**DATA FOR THIS TASK**
'''
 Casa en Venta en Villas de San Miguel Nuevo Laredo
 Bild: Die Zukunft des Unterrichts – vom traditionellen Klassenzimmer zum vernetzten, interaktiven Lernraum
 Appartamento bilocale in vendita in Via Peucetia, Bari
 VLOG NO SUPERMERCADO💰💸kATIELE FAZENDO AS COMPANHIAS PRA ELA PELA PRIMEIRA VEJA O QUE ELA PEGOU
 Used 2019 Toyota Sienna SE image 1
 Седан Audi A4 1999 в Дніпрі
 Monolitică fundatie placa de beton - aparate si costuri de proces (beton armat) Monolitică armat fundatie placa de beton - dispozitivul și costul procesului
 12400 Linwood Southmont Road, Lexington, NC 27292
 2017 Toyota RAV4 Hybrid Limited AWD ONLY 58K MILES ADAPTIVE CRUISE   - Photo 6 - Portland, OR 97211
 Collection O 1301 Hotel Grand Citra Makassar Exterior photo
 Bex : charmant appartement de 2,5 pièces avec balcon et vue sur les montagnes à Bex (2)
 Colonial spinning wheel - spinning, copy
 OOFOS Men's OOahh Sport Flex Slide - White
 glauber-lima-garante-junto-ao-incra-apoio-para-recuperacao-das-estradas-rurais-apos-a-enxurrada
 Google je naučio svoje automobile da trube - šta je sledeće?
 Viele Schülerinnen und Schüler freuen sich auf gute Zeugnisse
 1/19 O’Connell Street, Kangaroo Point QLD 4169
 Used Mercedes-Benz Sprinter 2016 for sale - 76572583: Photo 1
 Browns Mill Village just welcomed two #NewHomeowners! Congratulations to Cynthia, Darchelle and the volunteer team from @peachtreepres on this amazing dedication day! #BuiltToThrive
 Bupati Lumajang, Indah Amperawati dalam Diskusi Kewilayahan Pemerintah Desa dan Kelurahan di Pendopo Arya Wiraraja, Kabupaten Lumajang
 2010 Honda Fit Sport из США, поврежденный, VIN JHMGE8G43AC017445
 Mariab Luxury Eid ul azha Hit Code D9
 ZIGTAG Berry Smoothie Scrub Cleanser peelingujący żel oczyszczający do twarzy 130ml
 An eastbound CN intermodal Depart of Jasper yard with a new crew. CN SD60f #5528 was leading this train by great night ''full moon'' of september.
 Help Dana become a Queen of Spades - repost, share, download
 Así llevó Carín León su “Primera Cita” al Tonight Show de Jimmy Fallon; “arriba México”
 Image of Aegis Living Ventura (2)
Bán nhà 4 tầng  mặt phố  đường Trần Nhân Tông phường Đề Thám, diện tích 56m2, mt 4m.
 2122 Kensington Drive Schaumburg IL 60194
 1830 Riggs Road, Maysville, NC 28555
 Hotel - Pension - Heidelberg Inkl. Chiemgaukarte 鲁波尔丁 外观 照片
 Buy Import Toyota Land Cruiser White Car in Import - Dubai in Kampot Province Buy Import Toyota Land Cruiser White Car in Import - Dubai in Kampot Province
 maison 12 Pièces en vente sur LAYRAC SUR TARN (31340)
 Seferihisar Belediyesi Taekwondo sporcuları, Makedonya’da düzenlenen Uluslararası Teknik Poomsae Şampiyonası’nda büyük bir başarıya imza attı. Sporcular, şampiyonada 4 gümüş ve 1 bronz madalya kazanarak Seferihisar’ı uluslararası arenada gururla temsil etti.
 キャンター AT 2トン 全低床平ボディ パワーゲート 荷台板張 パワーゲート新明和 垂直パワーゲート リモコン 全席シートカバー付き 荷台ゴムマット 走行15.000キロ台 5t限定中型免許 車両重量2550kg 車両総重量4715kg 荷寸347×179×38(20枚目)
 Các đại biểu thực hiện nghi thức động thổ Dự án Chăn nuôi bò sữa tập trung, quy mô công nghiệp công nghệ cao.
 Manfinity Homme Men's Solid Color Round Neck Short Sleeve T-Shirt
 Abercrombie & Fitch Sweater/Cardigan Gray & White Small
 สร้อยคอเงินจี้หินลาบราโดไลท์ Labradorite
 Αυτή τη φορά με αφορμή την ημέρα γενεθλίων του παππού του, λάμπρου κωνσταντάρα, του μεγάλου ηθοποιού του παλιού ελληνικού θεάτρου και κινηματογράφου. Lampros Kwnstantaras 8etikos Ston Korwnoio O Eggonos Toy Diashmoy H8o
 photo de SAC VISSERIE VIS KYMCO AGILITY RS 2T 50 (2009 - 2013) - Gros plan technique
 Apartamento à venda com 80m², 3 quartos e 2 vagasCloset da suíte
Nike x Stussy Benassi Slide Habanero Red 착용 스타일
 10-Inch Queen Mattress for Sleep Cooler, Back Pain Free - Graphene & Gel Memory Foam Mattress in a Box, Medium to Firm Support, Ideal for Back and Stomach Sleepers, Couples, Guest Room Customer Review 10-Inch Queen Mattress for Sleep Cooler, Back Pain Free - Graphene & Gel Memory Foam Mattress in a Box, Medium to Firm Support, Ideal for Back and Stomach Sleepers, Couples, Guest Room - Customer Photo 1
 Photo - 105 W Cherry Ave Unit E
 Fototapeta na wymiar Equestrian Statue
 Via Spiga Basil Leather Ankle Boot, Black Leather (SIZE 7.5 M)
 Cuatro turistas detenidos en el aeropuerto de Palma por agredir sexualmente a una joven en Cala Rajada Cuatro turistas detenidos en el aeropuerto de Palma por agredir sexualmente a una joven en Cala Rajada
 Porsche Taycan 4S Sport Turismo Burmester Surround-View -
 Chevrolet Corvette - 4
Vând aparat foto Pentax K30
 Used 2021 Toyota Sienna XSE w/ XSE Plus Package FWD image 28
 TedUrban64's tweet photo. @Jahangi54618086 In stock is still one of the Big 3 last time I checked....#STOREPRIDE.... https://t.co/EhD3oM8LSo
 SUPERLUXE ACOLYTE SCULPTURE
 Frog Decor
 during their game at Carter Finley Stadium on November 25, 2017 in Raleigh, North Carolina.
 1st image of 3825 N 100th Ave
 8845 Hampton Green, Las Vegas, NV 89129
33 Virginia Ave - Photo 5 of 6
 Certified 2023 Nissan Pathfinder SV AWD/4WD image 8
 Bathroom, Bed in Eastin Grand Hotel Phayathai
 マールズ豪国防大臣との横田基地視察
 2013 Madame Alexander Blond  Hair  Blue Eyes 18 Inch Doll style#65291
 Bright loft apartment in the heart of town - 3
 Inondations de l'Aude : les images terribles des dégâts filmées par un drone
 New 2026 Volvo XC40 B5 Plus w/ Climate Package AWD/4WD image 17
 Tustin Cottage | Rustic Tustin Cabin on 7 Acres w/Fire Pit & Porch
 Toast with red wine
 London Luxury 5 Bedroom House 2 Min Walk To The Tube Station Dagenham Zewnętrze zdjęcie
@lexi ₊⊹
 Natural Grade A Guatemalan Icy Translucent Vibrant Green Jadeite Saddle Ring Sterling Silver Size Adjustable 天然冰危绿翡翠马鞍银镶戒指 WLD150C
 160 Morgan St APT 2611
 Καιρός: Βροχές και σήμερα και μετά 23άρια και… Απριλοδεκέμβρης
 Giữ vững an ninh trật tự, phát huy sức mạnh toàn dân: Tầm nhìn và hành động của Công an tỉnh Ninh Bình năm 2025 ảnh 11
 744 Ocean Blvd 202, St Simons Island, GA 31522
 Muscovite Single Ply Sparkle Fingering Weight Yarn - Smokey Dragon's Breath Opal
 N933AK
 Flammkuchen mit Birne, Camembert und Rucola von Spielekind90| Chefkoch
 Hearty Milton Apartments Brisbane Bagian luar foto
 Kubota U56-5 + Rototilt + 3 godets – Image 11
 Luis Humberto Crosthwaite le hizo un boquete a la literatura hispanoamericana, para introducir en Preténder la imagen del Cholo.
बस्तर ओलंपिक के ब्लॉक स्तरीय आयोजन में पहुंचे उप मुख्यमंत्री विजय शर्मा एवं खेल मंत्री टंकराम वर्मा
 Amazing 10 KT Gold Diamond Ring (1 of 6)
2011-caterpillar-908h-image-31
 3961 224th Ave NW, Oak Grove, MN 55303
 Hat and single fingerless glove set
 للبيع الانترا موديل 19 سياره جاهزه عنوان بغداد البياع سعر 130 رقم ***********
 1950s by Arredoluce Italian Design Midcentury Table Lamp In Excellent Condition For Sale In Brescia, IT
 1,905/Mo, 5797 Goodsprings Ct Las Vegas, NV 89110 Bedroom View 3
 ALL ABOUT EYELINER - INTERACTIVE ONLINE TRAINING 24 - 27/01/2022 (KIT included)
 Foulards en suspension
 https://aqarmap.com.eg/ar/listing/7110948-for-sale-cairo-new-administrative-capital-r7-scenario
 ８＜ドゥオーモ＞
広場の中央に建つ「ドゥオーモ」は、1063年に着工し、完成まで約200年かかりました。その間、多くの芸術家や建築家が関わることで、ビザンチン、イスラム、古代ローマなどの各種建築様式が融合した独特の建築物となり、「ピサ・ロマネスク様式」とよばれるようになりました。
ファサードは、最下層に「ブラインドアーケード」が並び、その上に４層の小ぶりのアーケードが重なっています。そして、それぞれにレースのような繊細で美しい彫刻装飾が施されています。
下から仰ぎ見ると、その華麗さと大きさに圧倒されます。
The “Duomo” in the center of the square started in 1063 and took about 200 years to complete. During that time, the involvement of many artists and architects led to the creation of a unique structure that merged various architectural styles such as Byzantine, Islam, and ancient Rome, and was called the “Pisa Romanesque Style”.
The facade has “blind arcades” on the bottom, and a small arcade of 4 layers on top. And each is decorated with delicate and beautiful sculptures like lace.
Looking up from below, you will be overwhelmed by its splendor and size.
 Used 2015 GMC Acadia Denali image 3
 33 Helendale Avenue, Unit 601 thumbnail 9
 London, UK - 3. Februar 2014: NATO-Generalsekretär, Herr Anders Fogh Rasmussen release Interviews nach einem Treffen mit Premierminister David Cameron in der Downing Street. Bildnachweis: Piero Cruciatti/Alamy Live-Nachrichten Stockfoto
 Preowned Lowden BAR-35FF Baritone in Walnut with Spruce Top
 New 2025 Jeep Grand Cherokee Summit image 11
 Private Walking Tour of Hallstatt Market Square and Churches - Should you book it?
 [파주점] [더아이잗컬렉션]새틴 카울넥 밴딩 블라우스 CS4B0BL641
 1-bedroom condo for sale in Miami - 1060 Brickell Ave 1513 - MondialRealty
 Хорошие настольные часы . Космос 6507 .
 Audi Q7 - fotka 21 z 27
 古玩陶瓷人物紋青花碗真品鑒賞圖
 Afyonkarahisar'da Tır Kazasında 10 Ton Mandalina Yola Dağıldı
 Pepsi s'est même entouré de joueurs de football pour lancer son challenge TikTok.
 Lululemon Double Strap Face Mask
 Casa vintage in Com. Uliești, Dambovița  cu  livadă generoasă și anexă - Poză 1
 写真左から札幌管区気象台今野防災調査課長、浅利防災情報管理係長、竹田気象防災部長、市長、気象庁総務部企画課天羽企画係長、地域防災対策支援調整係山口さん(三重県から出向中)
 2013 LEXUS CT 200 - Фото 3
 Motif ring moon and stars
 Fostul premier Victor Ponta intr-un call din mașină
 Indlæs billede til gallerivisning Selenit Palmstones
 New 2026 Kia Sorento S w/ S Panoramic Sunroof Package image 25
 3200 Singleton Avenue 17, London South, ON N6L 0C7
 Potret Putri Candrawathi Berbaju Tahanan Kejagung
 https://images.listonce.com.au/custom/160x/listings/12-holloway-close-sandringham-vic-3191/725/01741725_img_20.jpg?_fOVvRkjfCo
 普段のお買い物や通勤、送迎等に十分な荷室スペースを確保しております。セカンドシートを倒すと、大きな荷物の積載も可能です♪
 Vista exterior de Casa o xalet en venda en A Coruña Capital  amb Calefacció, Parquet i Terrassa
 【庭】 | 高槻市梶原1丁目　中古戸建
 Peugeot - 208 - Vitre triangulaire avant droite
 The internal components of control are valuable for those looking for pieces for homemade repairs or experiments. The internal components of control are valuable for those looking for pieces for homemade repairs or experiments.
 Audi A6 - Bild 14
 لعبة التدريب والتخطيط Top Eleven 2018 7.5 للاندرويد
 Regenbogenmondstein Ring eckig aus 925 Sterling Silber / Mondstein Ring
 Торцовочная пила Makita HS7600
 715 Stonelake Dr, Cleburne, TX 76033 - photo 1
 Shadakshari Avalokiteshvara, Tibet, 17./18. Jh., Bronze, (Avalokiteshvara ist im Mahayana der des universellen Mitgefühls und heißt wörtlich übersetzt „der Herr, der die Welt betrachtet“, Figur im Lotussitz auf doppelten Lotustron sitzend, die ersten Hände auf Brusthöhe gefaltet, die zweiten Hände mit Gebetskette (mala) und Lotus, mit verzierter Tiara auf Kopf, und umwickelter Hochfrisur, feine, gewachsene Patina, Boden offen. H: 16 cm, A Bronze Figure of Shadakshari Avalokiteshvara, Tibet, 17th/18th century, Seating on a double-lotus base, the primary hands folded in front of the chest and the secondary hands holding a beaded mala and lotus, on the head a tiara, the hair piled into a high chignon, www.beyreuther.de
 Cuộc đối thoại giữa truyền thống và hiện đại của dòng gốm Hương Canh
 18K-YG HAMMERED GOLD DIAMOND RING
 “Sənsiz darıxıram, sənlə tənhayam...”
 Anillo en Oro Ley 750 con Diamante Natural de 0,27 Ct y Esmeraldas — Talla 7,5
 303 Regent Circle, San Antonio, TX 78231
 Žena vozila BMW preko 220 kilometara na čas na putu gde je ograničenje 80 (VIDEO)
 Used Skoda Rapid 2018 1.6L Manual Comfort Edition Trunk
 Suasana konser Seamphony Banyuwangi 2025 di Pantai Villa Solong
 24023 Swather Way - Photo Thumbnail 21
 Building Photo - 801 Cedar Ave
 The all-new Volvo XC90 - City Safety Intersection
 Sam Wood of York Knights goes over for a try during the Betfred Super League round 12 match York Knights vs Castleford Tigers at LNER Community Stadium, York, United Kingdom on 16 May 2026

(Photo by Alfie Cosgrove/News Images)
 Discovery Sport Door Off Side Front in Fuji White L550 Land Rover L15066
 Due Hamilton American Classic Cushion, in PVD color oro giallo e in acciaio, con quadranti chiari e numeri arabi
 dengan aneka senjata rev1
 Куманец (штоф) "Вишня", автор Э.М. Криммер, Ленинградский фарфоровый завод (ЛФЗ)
'''
**THE TASK**
In the records above, the line with "1-bedroom condo for" marks the start and the line with "写真左から札幌管区気象台今野" marks the end; copy that stretch exactly, both lines included, and nothing else.

**TASK RESPONSE**
 1-bedroom condo for sale in Miami - 1060 Brickell Ave 1513 - MondialRealty
 Хорошие настольные часы . Космос 6507 .
 Audi Q7 - fotka 21 z 27
 古玩陶瓷人物紋青花碗真品鑒賞圖
 Afyonkarahisar'da Tır Kazasında 10 Ton Mandalina Yola Dağıldı
 Pepsi s'est même entouré de joueurs de football pour lancer son challenge TikTok.
 Lululemon Double Strap Face Mask
 Casa vintage in Com. Uliești, Dambovița  cu  livadă generoasă și anexă - Poză 1
 写真左から札幌管区気象台今野防災調査課長、浅利防災情報管理係長、竹田気象防災部長、市長、気象庁総務部企画課天羽企画係長、地域防災対策支援調整係山口さん(三重県から出向中)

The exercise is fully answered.